Anders als die Menschen in der kommunistischen Volksrepublik China,genießen die Bürger Hongkongs das Recht auf freie Meinungsäußerung, sowie Presse- und Versammlungsfreiheit. Diese Rechte sehen viele Hongkonger nun in Gefahr.
Die Demonstrationen begannen ursprünglich als Widerstand gegen ein neues Auslieferungsabkommen mit der Volksrepublik und richteten sich vor allem an die Peking nahe Regierungschefin Carrie Lam. Mittlerweile ist es aber zu etwas viel Größerem geworden. Für viele Demonstranten geht es um nichts weniger als die Zukunft Hongkongs. Sie fordern mehr Unabhängigkeit von China.
Carrie Lam selbst wurde 2017 zur Regierungschefin von Hongkong gewählt. Die Wahl war kein Paradebeispiel freier Wahlen: Nicht die rund sieben Millionen Einwohner dürfen ihre Stimme abgeben, sondern ein ausgewähltes Wahlkomitee, dessen 1194 Mitglieder aus der Elitegesellschaft stammen. Laut theguardian zählen dazu alle 70 Mitglieder der Legislative der Stadt und einige Bezirkspolitiker, Geschäftsgruppen, Gewerkschaften, Popstars, Priester und Professoren. Viele von denen profitieren von einer guten Beziehung zum Festland. Lam war damals die Wunschkandidatin der Kommunistischen Partei Chinas.
Hongkonger befürchten Zerschlagung ihrer Freiheiten und Grundrechte

Viele Hongkonger fürchten einen Verlust der grundlegenden Rechte, die Hongkong ausmachen: unzensierte Presse, ein Versammlungsrecht und freie Meinungsäußerung. In Festlandchina können die Menschen unter der Führung der kommunistischen Partei Chinas bis jetzt nur von diesen Rechten träumen. Hongkong befürchtet, dass China durch seine starke Einwirkung auf Politiker in Hongkong nun diese Rechte zerschlagen könnte.
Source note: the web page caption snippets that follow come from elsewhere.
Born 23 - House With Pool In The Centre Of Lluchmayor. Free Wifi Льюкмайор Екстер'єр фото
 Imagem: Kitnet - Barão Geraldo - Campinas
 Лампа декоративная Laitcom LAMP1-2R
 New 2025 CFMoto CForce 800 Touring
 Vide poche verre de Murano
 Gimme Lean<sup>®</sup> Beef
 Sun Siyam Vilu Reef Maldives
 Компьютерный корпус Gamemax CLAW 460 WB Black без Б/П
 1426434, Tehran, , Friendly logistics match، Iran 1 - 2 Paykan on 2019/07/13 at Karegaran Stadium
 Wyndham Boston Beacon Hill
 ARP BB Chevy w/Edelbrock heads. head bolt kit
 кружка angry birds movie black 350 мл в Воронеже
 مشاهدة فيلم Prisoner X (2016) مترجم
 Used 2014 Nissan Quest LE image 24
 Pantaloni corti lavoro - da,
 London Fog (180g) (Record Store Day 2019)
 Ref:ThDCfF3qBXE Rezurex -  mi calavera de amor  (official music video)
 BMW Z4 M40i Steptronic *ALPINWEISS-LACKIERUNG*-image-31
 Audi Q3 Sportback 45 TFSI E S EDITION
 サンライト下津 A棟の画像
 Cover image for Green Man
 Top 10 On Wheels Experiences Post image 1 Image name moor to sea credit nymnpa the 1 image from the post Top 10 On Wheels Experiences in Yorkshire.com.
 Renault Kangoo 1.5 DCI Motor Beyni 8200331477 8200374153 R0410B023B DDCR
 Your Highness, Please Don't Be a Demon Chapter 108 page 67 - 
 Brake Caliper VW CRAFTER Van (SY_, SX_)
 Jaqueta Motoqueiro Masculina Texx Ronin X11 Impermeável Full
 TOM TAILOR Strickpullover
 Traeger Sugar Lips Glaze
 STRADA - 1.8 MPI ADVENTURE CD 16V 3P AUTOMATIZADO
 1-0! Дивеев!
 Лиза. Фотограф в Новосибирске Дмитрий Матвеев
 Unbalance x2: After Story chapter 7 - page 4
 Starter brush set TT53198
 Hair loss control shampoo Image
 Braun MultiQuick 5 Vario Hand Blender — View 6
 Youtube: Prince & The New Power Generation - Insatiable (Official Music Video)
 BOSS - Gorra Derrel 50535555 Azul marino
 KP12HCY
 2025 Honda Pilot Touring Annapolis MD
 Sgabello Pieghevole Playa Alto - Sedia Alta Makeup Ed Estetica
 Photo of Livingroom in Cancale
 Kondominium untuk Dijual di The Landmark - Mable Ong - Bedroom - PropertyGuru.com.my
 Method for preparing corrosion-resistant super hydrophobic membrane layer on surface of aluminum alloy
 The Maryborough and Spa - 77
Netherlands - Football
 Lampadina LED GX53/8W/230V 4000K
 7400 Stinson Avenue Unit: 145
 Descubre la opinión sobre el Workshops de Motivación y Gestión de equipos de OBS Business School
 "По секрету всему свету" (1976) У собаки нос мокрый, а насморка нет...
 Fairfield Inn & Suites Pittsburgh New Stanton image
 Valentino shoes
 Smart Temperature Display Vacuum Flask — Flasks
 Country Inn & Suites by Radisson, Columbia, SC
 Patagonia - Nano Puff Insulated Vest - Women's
Die Mehrheit Hongkongs möchte die Proteste friedlich führen, zumal es leider auch schon einige gewalttätige Proteste gab.
Seit kurzem wurden die Proteste auf den Flughafen ausgeweitet, jedoch steht hier die Friedlichkeit des Protestes im Zentrum. Von einem Berichterstatter von spiegel.de wird vor Ort vom Ausnahmezustand am Flughafen berichtet: „Ruf keine Slogans. Beachte die Absperrungen. Lächle und sei hilfsbereit, wenn Touristen dich ansprechen.“, so die Liste zum friedlichen Demonstrieren, welche in einer Chatgruppe geteilt wurde, die zum Protest am Hongkonger Flughafen aufruft. „Wenn wir uns jetzt nicht wehren, dann wird die nächste Generation nicht mehr das Recht haben, sich zu wehren“, sagt Donald, ein 15jähriger Hongkonger, der am Mahnmal aus Menschen am Hongkonger Flughafen teilnimmt. Auch Donald folgt den Kundgebungen in friedlicher Form und folgt eilig den Anweisungen des Ordnungspersonals, dass die Demonstrationen nur hinter der gelben Linie stattfinden sollen, und macht den Passagieren Platz.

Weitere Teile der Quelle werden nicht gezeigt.